Louise Brooks was an original: a girl from small-town Kansas who became an international screen idol. She was a trendsetter in the roaring 20’s, a natural, unaffected actress and dancer whose sensual looks and light-hearted screen presence gave definition to that carefree time.
At a very early age, Louise made her way to New York. In rapid succession, she appeared as a chorus girl in George White’s Scandals and a featured dancer in The Ziegfeld Follies. Discovered on the stage, she made her screen debut in 1924. Her unique presence made people take notice and a Hollywood star was born. She did not remain a darling of the silver screen for long. Four years and fourteen films after her first role, Louise Brooks turned her back on Hollywood.

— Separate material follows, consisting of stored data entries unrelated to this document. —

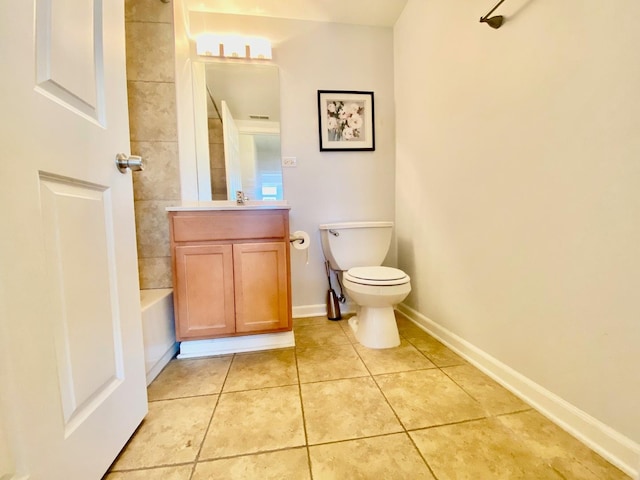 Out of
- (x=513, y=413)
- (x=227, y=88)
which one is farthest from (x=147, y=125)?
(x=513, y=413)

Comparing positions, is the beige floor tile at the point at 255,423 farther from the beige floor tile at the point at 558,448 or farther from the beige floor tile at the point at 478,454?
the beige floor tile at the point at 558,448

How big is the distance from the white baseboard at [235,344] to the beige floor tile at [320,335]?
93 millimetres

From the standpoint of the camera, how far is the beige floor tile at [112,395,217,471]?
82 centimetres

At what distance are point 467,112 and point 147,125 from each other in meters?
1.71

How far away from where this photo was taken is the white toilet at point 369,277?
4.68 ft

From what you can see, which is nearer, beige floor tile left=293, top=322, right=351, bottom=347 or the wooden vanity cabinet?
the wooden vanity cabinet

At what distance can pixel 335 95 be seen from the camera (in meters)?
1.97

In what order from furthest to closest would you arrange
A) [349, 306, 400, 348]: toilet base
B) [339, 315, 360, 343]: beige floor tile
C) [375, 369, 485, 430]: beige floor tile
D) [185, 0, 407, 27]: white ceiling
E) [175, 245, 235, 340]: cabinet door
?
[185, 0, 407, 27]: white ceiling
[339, 315, 360, 343]: beige floor tile
[349, 306, 400, 348]: toilet base
[175, 245, 235, 340]: cabinet door
[375, 369, 485, 430]: beige floor tile

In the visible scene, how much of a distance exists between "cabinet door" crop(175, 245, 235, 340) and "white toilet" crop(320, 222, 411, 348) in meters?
0.66

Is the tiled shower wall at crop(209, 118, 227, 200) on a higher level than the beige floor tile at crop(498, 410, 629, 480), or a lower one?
higher

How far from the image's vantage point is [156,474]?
2.54ft

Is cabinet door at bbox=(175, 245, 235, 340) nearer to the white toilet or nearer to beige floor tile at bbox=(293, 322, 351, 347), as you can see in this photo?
beige floor tile at bbox=(293, 322, 351, 347)

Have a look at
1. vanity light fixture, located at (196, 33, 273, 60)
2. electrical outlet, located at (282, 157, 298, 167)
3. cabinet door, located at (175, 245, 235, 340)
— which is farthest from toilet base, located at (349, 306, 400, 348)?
vanity light fixture, located at (196, 33, 273, 60)

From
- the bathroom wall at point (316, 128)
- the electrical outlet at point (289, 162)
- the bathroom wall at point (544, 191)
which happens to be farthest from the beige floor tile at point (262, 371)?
the electrical outlet at point (289, 162) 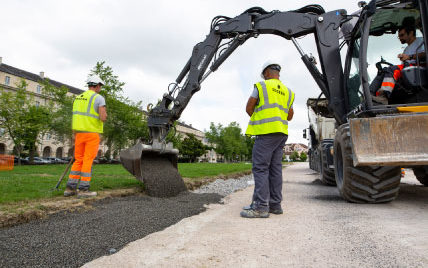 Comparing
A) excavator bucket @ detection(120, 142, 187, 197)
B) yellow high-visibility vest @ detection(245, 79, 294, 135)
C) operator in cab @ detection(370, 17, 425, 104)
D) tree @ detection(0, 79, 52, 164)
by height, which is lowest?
excavator bucket @ detection(120, 142, 187, 197)

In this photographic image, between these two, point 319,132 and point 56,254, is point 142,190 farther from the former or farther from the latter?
point 319,132

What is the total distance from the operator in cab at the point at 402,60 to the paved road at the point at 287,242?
5.46ft

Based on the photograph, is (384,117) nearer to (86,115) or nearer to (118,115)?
(86,115)

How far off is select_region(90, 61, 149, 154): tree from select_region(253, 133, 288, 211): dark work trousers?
27722 mm

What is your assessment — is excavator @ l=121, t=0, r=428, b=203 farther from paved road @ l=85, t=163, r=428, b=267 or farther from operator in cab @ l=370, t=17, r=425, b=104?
paved road @ l=85, t=163, r=428, b=267

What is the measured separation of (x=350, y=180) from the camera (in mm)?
4207

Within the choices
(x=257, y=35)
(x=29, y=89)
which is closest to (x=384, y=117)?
(x=257, y=35)

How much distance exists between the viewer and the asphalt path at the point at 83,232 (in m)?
2.02

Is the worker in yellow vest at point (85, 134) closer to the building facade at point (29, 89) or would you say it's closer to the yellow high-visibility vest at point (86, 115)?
the yellow high-visibility vest at point (86, 115)

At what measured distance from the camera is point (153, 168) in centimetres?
543

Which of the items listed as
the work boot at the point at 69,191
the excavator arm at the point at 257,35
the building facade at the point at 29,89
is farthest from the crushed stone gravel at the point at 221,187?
the building facade at the point at 29,89

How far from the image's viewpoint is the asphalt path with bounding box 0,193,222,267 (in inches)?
79.5

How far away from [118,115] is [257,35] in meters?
29.5

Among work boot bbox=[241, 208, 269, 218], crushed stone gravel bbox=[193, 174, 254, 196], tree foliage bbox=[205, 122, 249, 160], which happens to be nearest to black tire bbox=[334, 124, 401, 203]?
work boot bbox=[241, 208, 269, 218] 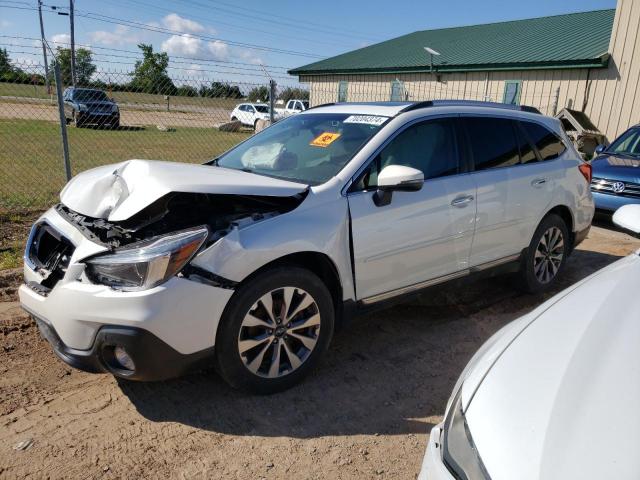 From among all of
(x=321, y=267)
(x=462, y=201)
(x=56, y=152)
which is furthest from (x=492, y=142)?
(x=56, y=152)

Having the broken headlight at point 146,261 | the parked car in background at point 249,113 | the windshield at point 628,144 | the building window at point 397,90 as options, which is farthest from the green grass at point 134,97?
the parked car in background at point 249,113

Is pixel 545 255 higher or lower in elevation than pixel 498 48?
lower

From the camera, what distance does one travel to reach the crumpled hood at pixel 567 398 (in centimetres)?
140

With biting wit and ruthless honesty, Louise Brooks lived life on her own terms. The more one delves into her life, the more complex and mysterious she becomes. She gave up fame and fortune to live the life of a nomadic artist. Louise was a living contradiction.
Today Brooks is more popular than ever, the most popular silent movie star on the Internet. Her life story is full of twists. Now she is the subject of a new documentary film, executive produced by Hugh M. Hefner and Turner Classic Movies. This hour long retrospective is narrated by Shirley MacLaine and includes interviews with Roddy McDowall and Dana Delany. Also featured are remembrances from friends, relatives and colleagues of Brooks including Francis Lederer, David Diamond, Adolph Green, Kaye MacRae, John Springer, Bill Klein, sister-in law Margaret Brooks and niece Rosanna Brooks. Senior Curator of the George Eastman House, Dr. Paolo Cherchi-Usai provides expert commentary. Of special note is a previously unseen-filmed interview with Louise Brooks herself, which was shot in 1976.
In today’s world, Louise Brooks would be revered for her honesty and integrity and as a symbol of feminine strength in the male dominated business of film. Louise was ahead of her time and too young to realize it.